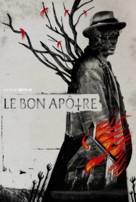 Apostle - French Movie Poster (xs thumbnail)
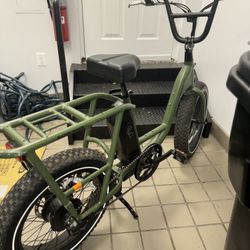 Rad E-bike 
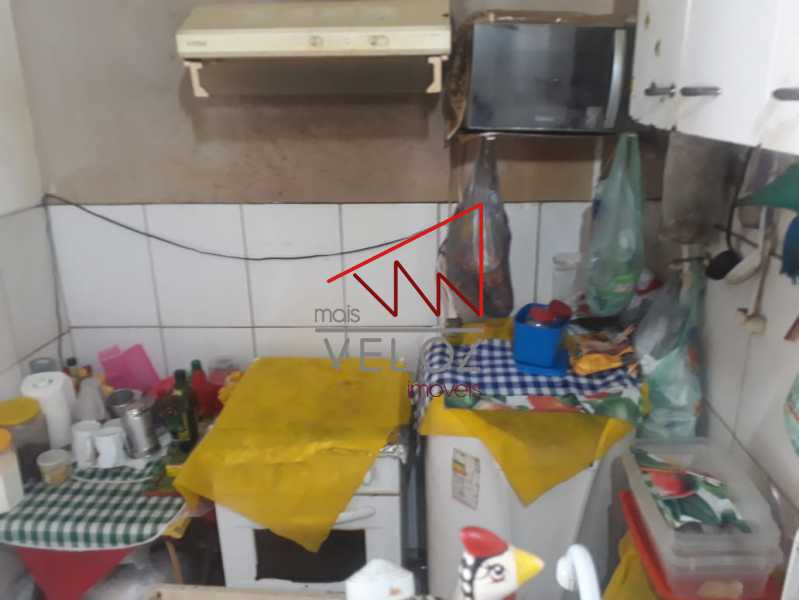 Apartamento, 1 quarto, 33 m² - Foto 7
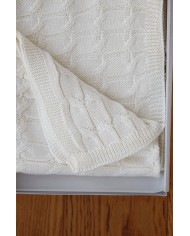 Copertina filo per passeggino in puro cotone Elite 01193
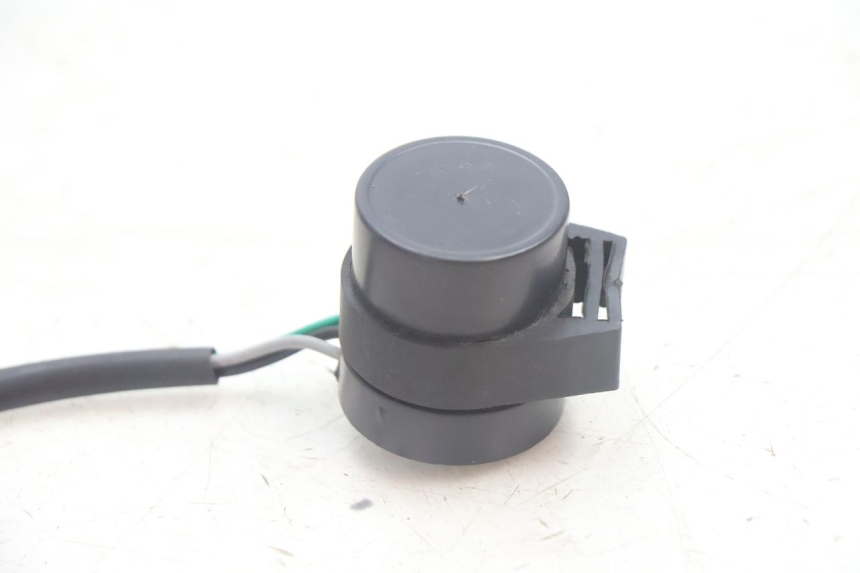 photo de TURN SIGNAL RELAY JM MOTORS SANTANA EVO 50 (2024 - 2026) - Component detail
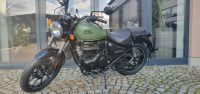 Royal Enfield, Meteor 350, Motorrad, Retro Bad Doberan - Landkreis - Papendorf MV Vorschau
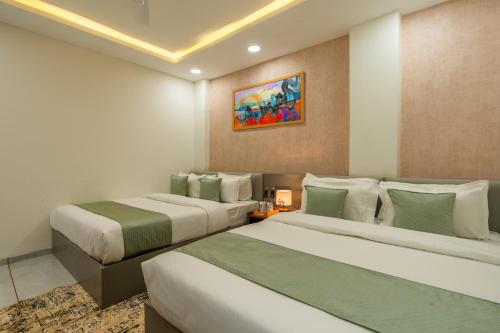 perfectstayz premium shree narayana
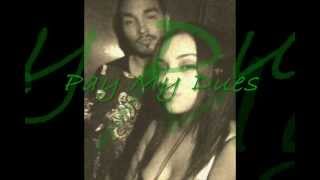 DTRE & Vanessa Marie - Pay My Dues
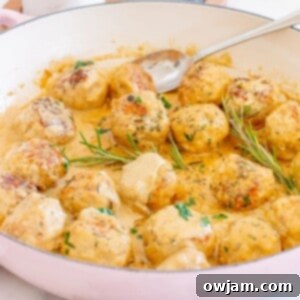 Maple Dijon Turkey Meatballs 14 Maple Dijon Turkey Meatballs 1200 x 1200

= WORK ORDER =
Leave the pictures out and return each entry exactly.

= SOLUTION BELOW =
 Apostle - French Movie Poster (xs thumbnail)
 Rad E-bike 
 Apartamento, 1 quarto, 33 m² - Foto 7
 Copertina filo per passeggino in puro cotone Elite 01193
 photo de TURN SIGNAL RELAY JM MOTORS SANTANA EVO 50 (2024 - 2026) - Component detail
 Royal Enfield, Meteor 350, Motorrad, Retro Bad Doberan - Landkreis - Papendorf MV Vorschau
 perfectstayz premium shree narayana
 DTRE & Vanessa Marie - Pay My Dues
 Maple Dijon Turkey Meatballs 14 Maple Dijon Turkey Meatballs 1200 x 1200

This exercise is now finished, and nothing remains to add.